Alors que les indicateurs socioéconomiques sont plutôt bons, les Centres sociaux protestants dressent un constat préoccupant sur le terrain

SYLVIA REVELLO @sylviarevello

Des dépenses pour l’aide sociale en baisse de 1,2% en 2021, un taux de chômage historiquement bas ou encore une inflation modérée par rapport aux voisins européens: ces indicateurs auraient de quoi rassurer. Mais pour les Centres sociaux protestants (CSP) romands, ces chiffres cachent une réalité préoccupante. Sur le terrain, la précarité augmente bel et bien, mais se manifeste sous d’autres formes: le recours aux aides directes, notamment les colis alimentaires et les vêtements de seconde main, ou encore les aides privées.

Fréquentations en hausse

Autre symptôme de cette situation paradoxale: l’augmentation du nombre de ménages qui ne parviennent pas à faire face aux charges de première nécessité, comme le loyer ou les primes d’assurance maladie, et s’adressent directement aux CSP. L’antenne vaudoise enregistre ainsi un doublement des demandes d’aides financières entre 2019 et 2022, passant de 102 ménages soutenus pour un montant de 88000 francs à 198 familles pour 201000 francs. Si le nombre de dossiers traités est resté stable à Genève, les montants octroyés ont eux aussi augmenté, passant de 345000 francs en 2019 à 422000 en 2022. Comment l’expliquer? «Les personnes que la pandémie a forcées à sortir de l’ombre échappent toujours au filet social et font appel à d’autres formes de solidarité», évoque Caroline Regamey, chargée de politique et action sociales au CSP Vaud.
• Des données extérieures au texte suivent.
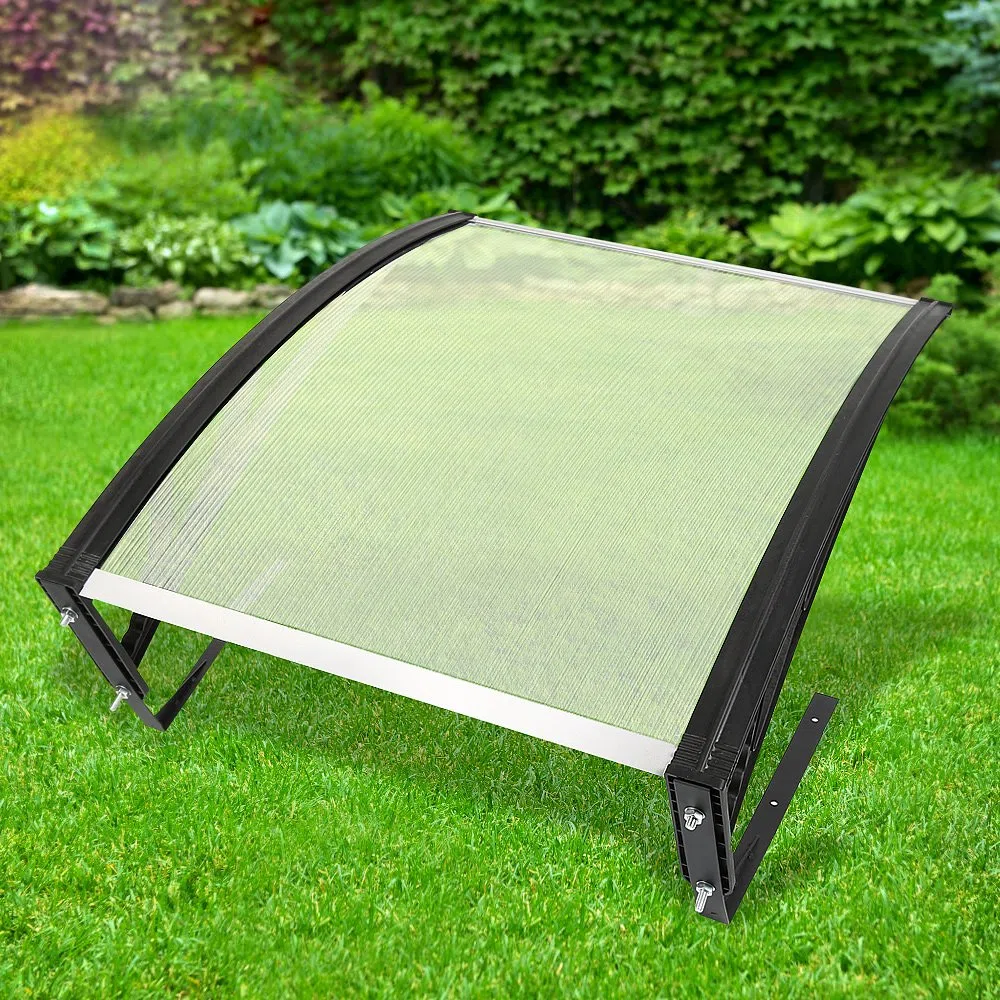 Schronisko dla robota kosiarki, 102 x 78,3 cm, dwuwarstwowy dach z poliwęglanu, biały i szary (biały)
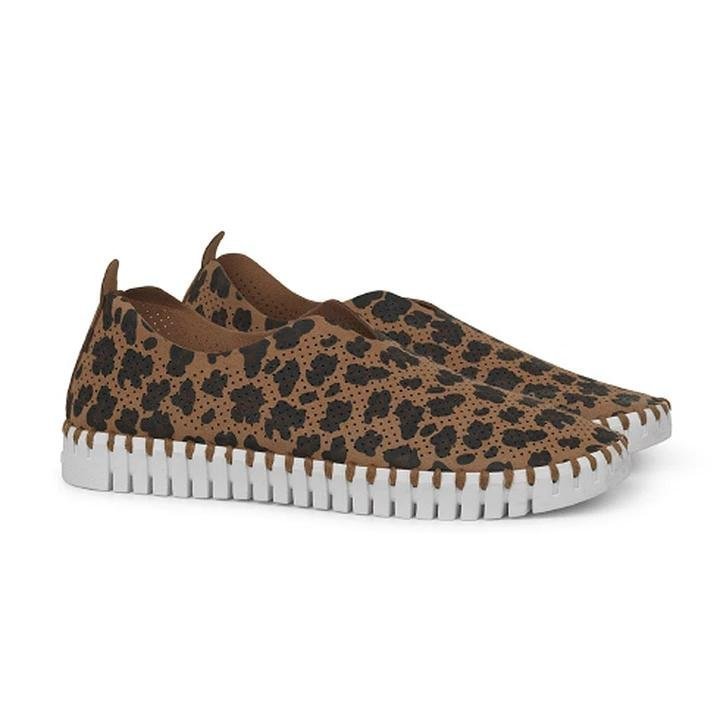 Leopard print single shoes snake print flats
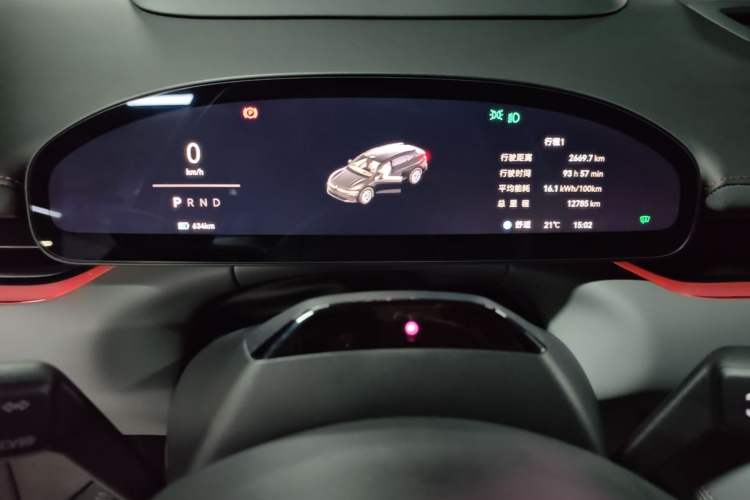 Used Zeekr 007GT 2025 Long-Range Rear-Wheel Drive Intelligent Driving Version 100 kWh Instrument Cluster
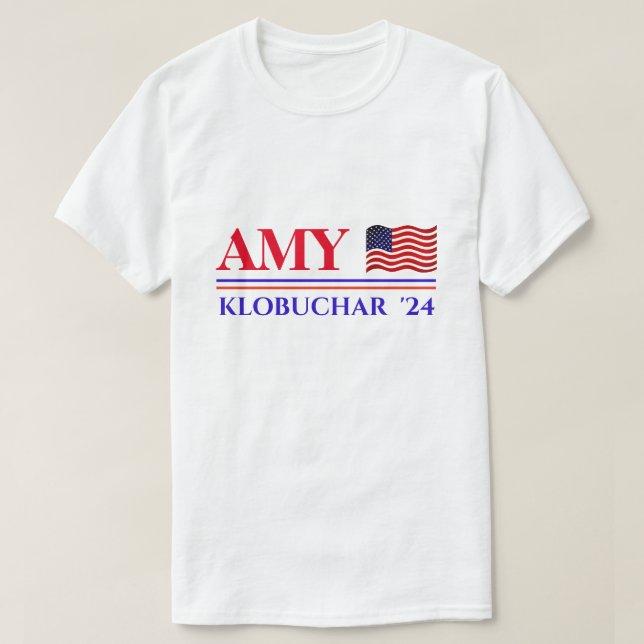 Amy Klobuchar för president T-Shirt (Design framsida)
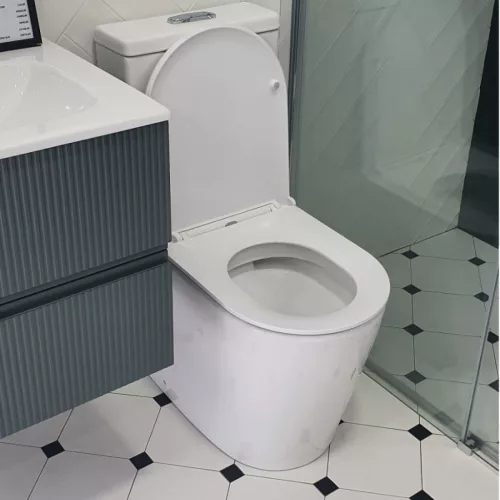 Eros ES AVVA monoblokk WC - perem nélküli - WC ülőkével komplett
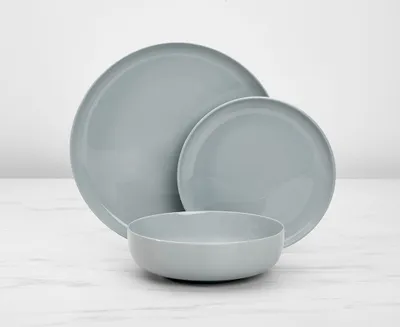 Volcano 12-Pc Dinnerware Set, Grey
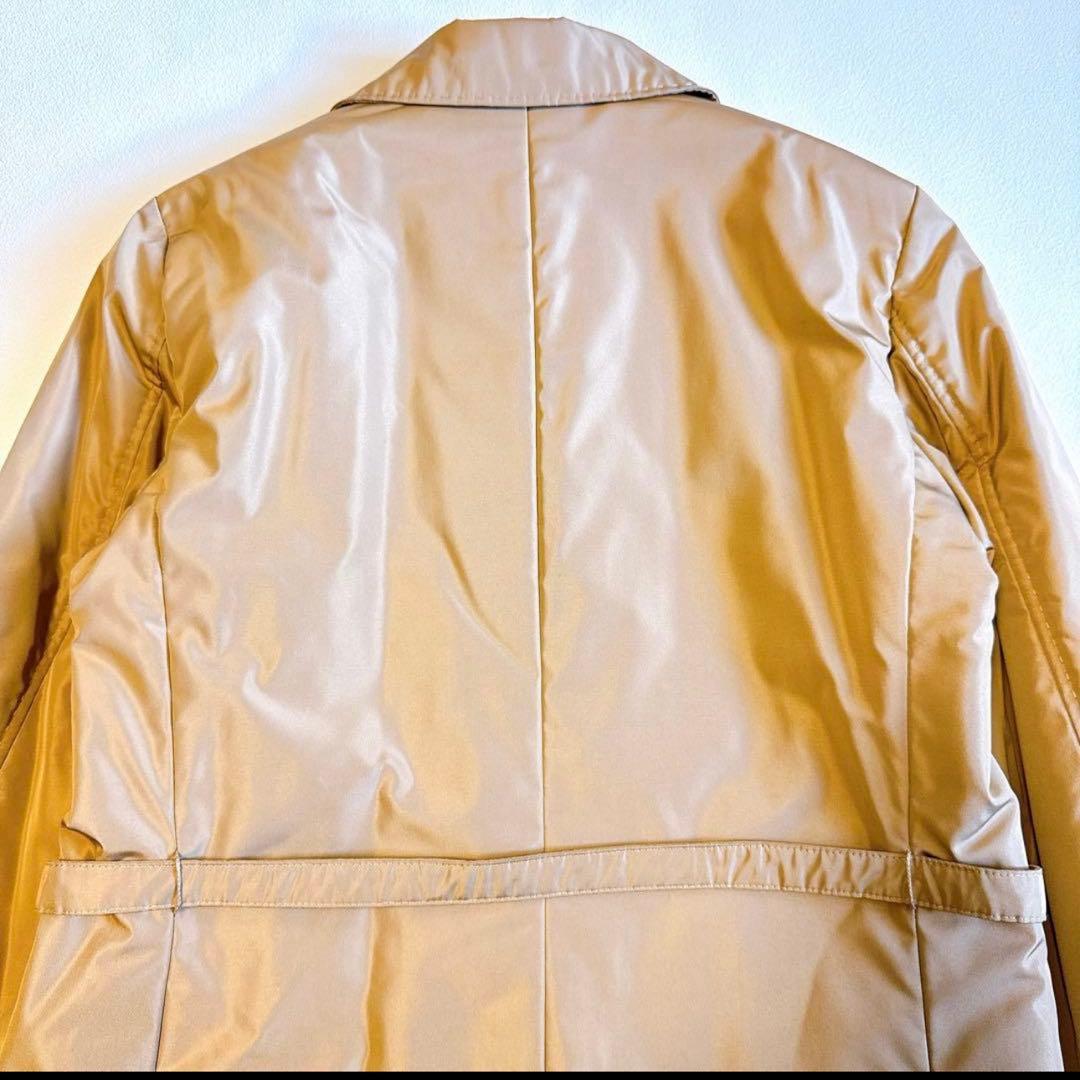 S Max MARA 中綿コート　ロングコート ゴールド金具　ベージュ38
De même, à Genève, la fréquentation des Colis du coeur a explosé depuis la pandémie pour s’établir à 13600 personnes en 2022. Idem pour le Vestiaire social (+14% sans compter les réfugiés ukrainiens). Le profil des bénéficiaires est multiple, allant de la classe moyenne inférieure aux personnes détentrices de permis B ou C, qui renoncent à solliciter des aides par crainte de voir leur autorisation de séjour non renouvelée, ou encore aux requérants d’asile. «On peut supposer que la pandémie a démocratisé ces soutiens qui ne nécessitent pas une identification auprès des autorités, contrairement à l’aide sociale», indique Alain Bolle, directeur du CSP Genève.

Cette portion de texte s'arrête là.